Bolt Thrower have influenced many bands and artists who have incorporated heavy grooves and lyrical themes about war. Still, there’s one artist that I want to especially highlight: the late, great, Chicago native Wesley Willis. Wesley Willis (May 31, 1963 – August 21, 2003) was a singer/songwriter that was well known for composing solely with an electronic keyboard, writing songs with almost identical musical structure, and for being an instantly identifiable character because he was an obese black man that struggled with schizophrenia. Besides all of this, Wesley was an artist, and he had a distinctive mark on his forehead because he greeted friends with a head-butt. In addition to Wesley identifying himself as a rock and roll artist, he regularly attended concerts in Chicago, including those by the likes of Morbid Angel and Bolt Thrower. Wesley Willis was so moved by Bolt Thrower’s performance that he wrote a song called Bolt Thrower about seeing them live, which was included on his 1996 album, Rock ‘N’ Roll Will Never Die. Here is a sample of the lyrics:
“This band played at the City Centre Theater
About one thousand people watched the show
The concert was a jam session
It was a kick ass rock show”
From here, Wesley went into one of his infamous choruses, where he repeated their name, “Bolt Thrower,” four times. Now, I’ll tell you why I decided to include this snippet of information. In 2013, I attended one of Bolt Thrower’s last live performances in Chicago at Reggies Rock Club. Reggies is a venue that has a massive portrait of Wesley Willis hanging from the ceiling because he was a beloved Chicago native who dearly loved the city that he called home. Bolt Thrower were clearly familiar with the man, as frontman Karl Willetts looked up at the portrait of Wesley, who was then deceased, and he dedicated their performance of When Glory Beckons (off of their 1994 album …For Victory) to Wesley. For me, this helped certify that Bolt Thrower are a class act. This, combined with their dirt-cheap merchandise prices (which were only sold at their shows as a way to avoid bootleggers), the incredible intensity of their live performance, and that the members were always good to fans and were happy to sign merchandise, all reinforce how deserving this album and the band are of celebration. They were always appreciative of their fans and humble, even when it came to praises from obscure characters like Wesley Willis. Not only this, but they once threw a fest that brought in tens of thousands of dollars for a cancer charity. Bolt Thrower are a band worthy of celebration not only because of their music and legacy, but also because of how they conducted themselves as people. The only thing that bums me out, since Bolt Thrower is no longer an active entity, is that I’ll never again get to experience the full fury of a crowd launching into a massive pit within the opening seconds of World Eater being performed live.
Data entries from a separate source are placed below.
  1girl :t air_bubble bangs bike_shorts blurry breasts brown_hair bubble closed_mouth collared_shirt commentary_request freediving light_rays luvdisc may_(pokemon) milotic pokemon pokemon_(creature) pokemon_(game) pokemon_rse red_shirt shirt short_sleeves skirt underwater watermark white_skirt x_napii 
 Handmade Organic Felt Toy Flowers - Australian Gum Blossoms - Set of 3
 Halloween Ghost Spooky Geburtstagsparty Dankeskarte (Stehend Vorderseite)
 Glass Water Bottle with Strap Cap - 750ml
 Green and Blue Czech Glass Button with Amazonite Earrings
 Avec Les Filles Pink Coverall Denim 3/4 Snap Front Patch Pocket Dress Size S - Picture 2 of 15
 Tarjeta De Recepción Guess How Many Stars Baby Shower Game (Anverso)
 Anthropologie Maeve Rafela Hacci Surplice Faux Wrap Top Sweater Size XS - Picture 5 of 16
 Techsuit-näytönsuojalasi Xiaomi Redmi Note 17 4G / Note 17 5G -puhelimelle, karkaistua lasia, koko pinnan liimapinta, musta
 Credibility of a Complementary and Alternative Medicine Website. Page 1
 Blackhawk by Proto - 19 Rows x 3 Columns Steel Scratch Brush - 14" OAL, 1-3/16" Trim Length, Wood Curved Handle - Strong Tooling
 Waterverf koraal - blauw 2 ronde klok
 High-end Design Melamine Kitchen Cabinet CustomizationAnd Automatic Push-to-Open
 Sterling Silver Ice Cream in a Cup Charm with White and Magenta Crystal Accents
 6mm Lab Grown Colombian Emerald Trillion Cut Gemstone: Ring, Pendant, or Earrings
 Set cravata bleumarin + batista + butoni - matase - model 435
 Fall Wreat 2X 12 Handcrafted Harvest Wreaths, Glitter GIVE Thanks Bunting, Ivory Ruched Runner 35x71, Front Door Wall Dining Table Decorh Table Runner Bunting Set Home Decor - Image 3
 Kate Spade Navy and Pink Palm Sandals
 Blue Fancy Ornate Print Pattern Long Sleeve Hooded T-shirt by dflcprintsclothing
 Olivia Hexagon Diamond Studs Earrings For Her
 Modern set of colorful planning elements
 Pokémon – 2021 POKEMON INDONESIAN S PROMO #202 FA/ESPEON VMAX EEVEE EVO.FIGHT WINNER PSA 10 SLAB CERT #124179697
Although Bolt Thrower have sadly been discontinued following the tragic death of drummer Martin Kearns in 2015, you can still catch two former members of the Realm of Chaos lineup, frontman Karl Willetts and drummer Andy Whale, in their new band Memoriam, which continues the groove-laden sound of later Bolt Thrower across each Memoriam release, which also feature former members of Benediction Frank Healy and Scott Fairfax.